Questions and Answers from Intel® Array Building Blocks Webinar on Oct 14, 2010

A webinar "Intel® Array Building Blocks (Intel® ArBB) Technical Presentation: Introduction and Q&A" was delivered on 10/14/2010. 

You can download the recording file and presentation material (or find Attachments at bottom of page), and sample code used in this presention.
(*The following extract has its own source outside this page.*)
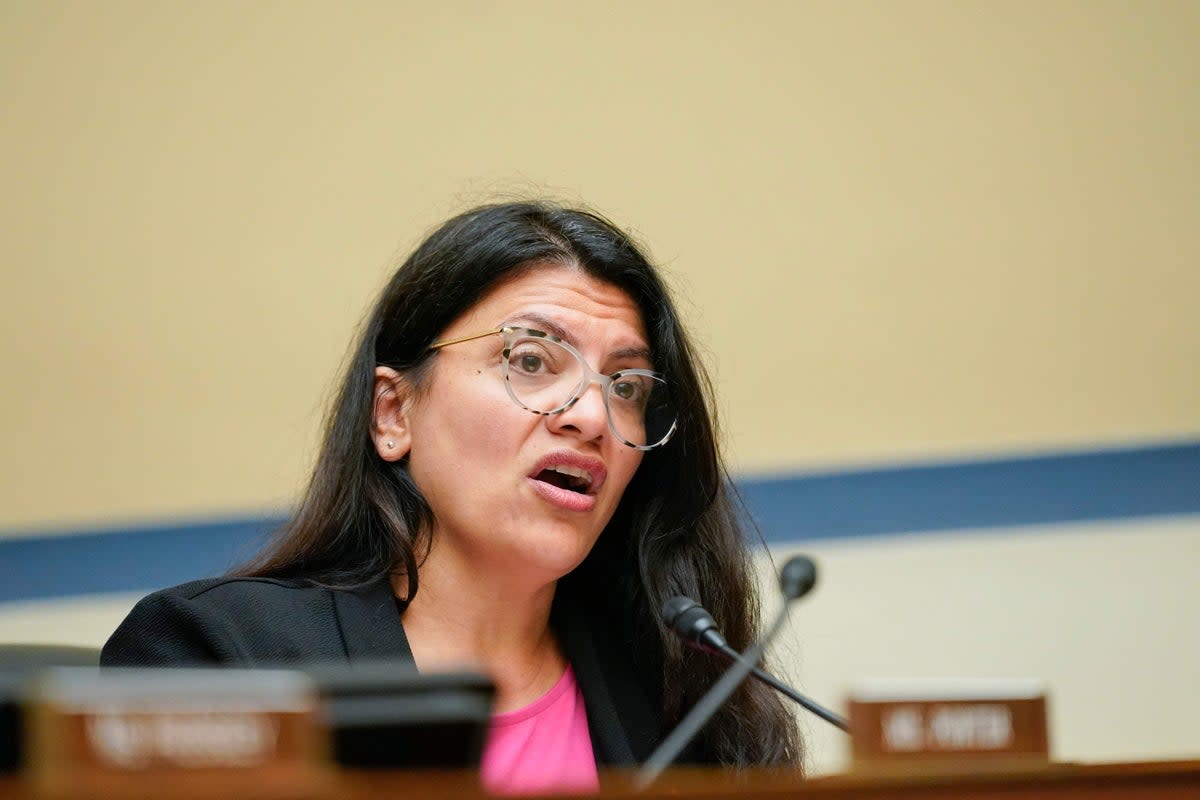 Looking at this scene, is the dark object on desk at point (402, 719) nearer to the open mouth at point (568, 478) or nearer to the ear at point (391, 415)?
the open mouth at point (568, 478)

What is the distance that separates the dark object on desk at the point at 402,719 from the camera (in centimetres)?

During the webinar, there were a lot of questions raised and here is the summarized list of these questions and answers:

Performance
Q: Do you have some webpage with Intel ArBB benchmarks and performance data, for example, comparing a simple matmul implementation in Intel ArBB code vs. MKL.
A: Thanks for the suggestion, we will take this into consideration and will attempt to include more performance data for Intel ArBB in the near future. It is, however, possible to run the included sample code yourself to do performance comparisons, as long as you use an appropriate problem size (BIG_DATA_SET). However, if you are strictly interested in using something like *GEMM, we strongly suggest you use the highly optimized MKL library functions available for these. These can be used in conjunction with other processing done with Intel ArBB.

Q: Do you have example performance benchmarks or comparisons?
A: A number of code samples are included as part of the installation in order to invite exploration of Intel ArBB, including its performance. However, care must be taken to use an appropriate problem size and not a small debugging run (which is the default) more suitable for quick functional testing. In particular, one has to define the BIG_DATA_SET preprocessor symbol for each sample to explore the performance compared to the included serial baselines included. It is up to the customer to experiment with the options for any of the supported compilers on these baselines for comparison purposes.

Q: Often the problem in computing efficiency, performance is data is much larger than memory/cache. Is there anything in Intel ArBB apart from vectorization, threading that helps building an efficient data processing pipeline?
A: Of course -- for example, the data partitioning used to decompose work when running on multiple cores is chosen to align well with cache boundaries, thus avoiding false sharing; arrays of structs are converted to structures of arrays to support better alignment and vectorization; and the code generated by ArBB is also organized to hide the latency of memory access using techniques like software pipelining and prefetching, when appropriate. We are continuing to build new memory optimizations, including optimizations for NUMA architectures.

Syntax and Programming Model
Q: Do you have some roadmap for when sparse data types will be available?
A: The "nested" container might be helpful already.  However, sparse data is often very application specific, so it is hard for us to provide a general-purpose solution. There is nothing to prevent you from creating your own data structures, e.g. using user-defined types, classes, and functions, on top of the built-in types provided by ArBB.  The basic collection type supported by ArBB is the array, however almost any data structure can be stored in an array, even traditional pointer-based structures (just use array indices in place of pointers).

Q: Do you support a global view between multicore processors, or do we still need to go to MPI for that?
A: It is not necessary to use MPI to get a global view on multi-core processors, as Intel ArBB provides this.  However, if you want to use Intel ArBB on a cluster, MPI is a good way to go to "glue" together the different processes.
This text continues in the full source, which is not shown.